Short text fragments from websites
"""
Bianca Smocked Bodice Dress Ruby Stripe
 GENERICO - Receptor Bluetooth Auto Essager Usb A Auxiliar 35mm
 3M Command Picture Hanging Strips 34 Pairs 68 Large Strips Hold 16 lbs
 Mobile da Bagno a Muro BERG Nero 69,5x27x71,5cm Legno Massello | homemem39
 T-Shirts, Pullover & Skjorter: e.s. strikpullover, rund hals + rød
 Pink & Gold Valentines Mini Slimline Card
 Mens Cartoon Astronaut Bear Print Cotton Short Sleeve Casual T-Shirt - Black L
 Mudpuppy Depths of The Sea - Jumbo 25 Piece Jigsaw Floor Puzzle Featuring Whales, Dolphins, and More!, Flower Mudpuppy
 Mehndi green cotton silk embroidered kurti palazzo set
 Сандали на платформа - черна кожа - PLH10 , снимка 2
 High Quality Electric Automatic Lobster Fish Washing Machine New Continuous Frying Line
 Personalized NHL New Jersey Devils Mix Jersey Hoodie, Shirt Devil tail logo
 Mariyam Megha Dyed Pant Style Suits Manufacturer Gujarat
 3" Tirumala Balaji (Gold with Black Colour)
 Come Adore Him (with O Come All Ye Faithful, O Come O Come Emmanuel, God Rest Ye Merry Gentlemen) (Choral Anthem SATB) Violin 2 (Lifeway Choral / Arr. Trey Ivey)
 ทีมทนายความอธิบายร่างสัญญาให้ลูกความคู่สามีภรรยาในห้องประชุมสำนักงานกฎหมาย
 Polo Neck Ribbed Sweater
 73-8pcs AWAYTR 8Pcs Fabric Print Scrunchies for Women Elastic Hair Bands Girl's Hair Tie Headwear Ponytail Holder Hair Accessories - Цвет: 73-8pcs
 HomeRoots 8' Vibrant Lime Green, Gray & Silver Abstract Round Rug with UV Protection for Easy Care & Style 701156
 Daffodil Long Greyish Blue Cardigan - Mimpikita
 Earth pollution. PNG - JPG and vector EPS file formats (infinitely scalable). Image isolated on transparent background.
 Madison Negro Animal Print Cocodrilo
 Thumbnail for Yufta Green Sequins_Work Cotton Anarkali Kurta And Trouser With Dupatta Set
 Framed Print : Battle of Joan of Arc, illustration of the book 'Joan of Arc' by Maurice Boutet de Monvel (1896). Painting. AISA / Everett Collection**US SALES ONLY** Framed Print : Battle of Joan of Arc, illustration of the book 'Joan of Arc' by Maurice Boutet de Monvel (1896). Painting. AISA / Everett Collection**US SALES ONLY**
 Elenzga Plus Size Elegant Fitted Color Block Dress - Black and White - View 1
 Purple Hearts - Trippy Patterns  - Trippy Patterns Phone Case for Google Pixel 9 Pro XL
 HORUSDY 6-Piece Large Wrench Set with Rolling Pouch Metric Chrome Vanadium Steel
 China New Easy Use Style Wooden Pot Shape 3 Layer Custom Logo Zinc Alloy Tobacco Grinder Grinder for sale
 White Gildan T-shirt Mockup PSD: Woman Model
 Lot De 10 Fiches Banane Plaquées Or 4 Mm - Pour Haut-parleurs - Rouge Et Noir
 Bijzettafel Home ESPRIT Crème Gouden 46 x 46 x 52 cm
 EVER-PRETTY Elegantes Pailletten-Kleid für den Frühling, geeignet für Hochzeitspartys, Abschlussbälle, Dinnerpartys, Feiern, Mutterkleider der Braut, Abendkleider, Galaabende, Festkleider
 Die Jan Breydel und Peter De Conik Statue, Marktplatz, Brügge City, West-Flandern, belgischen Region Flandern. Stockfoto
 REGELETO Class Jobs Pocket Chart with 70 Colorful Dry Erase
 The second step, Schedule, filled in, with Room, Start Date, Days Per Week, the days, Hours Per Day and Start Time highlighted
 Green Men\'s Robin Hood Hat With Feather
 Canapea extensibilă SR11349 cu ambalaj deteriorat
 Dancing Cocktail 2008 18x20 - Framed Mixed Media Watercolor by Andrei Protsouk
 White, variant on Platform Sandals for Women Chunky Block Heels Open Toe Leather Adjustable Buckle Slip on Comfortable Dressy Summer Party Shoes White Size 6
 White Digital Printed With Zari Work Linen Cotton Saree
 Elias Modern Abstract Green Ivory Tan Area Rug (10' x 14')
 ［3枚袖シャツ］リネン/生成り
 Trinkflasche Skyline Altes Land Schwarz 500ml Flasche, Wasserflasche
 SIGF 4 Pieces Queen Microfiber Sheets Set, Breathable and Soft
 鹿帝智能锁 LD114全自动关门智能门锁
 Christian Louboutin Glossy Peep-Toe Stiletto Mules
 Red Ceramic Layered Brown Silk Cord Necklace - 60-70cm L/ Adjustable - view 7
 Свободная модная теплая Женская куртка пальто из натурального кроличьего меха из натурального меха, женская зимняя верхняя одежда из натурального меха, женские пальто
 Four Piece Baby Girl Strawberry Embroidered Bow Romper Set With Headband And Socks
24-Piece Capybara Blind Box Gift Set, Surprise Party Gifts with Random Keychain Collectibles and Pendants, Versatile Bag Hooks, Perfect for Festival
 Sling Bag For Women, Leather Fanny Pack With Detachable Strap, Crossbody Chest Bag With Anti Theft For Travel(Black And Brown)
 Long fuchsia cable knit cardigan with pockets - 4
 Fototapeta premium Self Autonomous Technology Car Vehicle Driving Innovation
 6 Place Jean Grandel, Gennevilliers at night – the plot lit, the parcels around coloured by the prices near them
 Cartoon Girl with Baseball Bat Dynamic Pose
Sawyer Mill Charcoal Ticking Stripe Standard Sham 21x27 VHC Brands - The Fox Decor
"""
- _WHAT THE TASK REQUIRES_: Copy all lines above containing the string "Black".

- _RESPONSE FOR THIS EXERCISE_:
 Mens Cartoon Astronaut Bear Print Cotton Short Sleeve Casual T-Shirt - Black L
 3" Tirumala Balaji (Gold with Black Colour)
 Elenzga Plus Size Elegant Fitted Color Block Dress - Black and White - View 1
 Sling Bag For Women, Leather Fanny Pack With Detachable Strap, Crossbody Chest Bag With Anti Theft For Travel(Black And Brown)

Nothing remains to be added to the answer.